The whole 2nd season suffered from the 1988 writer's guilde strike. It was shortened to 22 eps (instead of the regular 26 eps that every other season of TNG has) and budgetary changes also played a role resulting in less episodes and almost no money left towards the end of the season. Bud they HAD to deliver another episode. They couldn't even afford some of the main actors to be on set for a whole episode, so the only solution they saw was that awful "clip show" to end the season with, surrounded by a very thin frame story with Riker in the coma.
You can read a little more about that here:
https://en.wikipedia.org/wiki/Star_Trek:_The_Next_Generation_(season_2)
What I would love to have seen is the aftermath from the characters, how they come to terms with what they've been through
So you must have loved the 2nd episode of season 4, because "Family" is one whole episode doing just that and nothing else.

And there were a few more, later on, when they concentrate more on the family and relationship matters. They did all that.
Characters from the past do return! Moriarty, Lore, Data's "Father", Q, Lwaxana... just to name a few. I think for a "story of the week"-show, which TNG was, they did that very well, sometimes even more than they were supposed to for a story-of-the-week-show, so in that point i can't agree with you.

And almost every season does have at least one additional two-parter (apart from the cliffhanger) as well!
I agree, watching on Netflix you can see how long is left of each episode and it's a bit formulaic that the show is all neatly wrapped up in the last 4 or 5 minutes.
Again, it's a story-of-the-week-show, and which of these shows didn't resolve their issues in the last few minutes?
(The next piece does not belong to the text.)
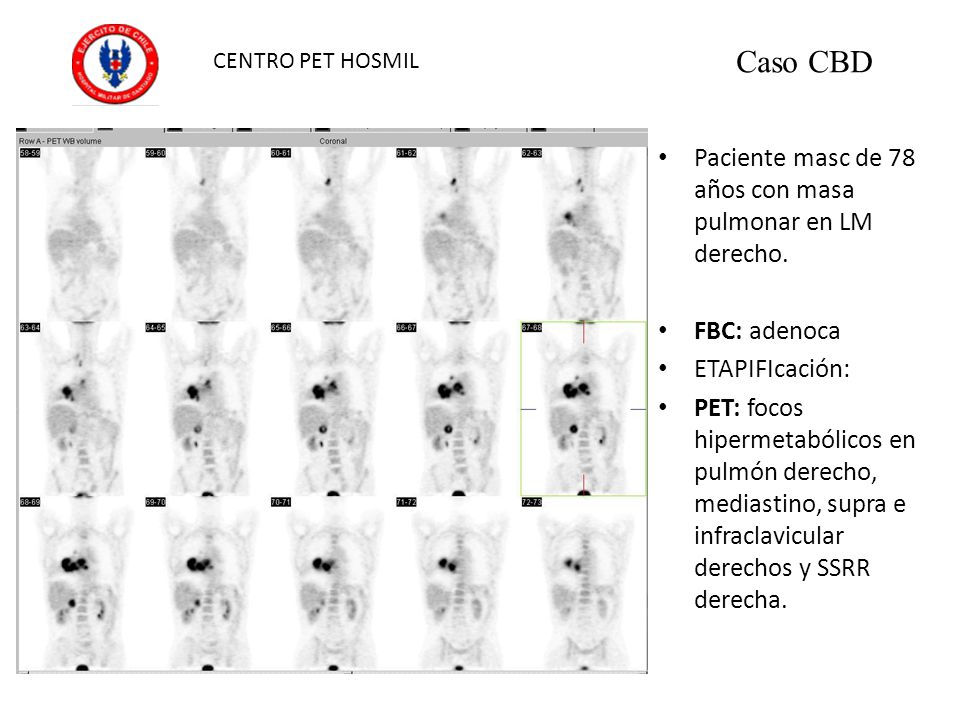 Caso CBD Paciente masc de 78 años con masa pulmonar en LM derecho.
Which movie doesn't? Which book doesn't. Of course there are exceptions, but it mostly works like that. Of course it's formulaic - it's the formular of a weekly show based on self contained episodes. Same way you have cliffhangers at the end of serialized shows, as that it
their formular.

DS9 went other routes - but with that show it was a different order from the network, they wanted to try something else.
But both shows did very well taking all into account imho.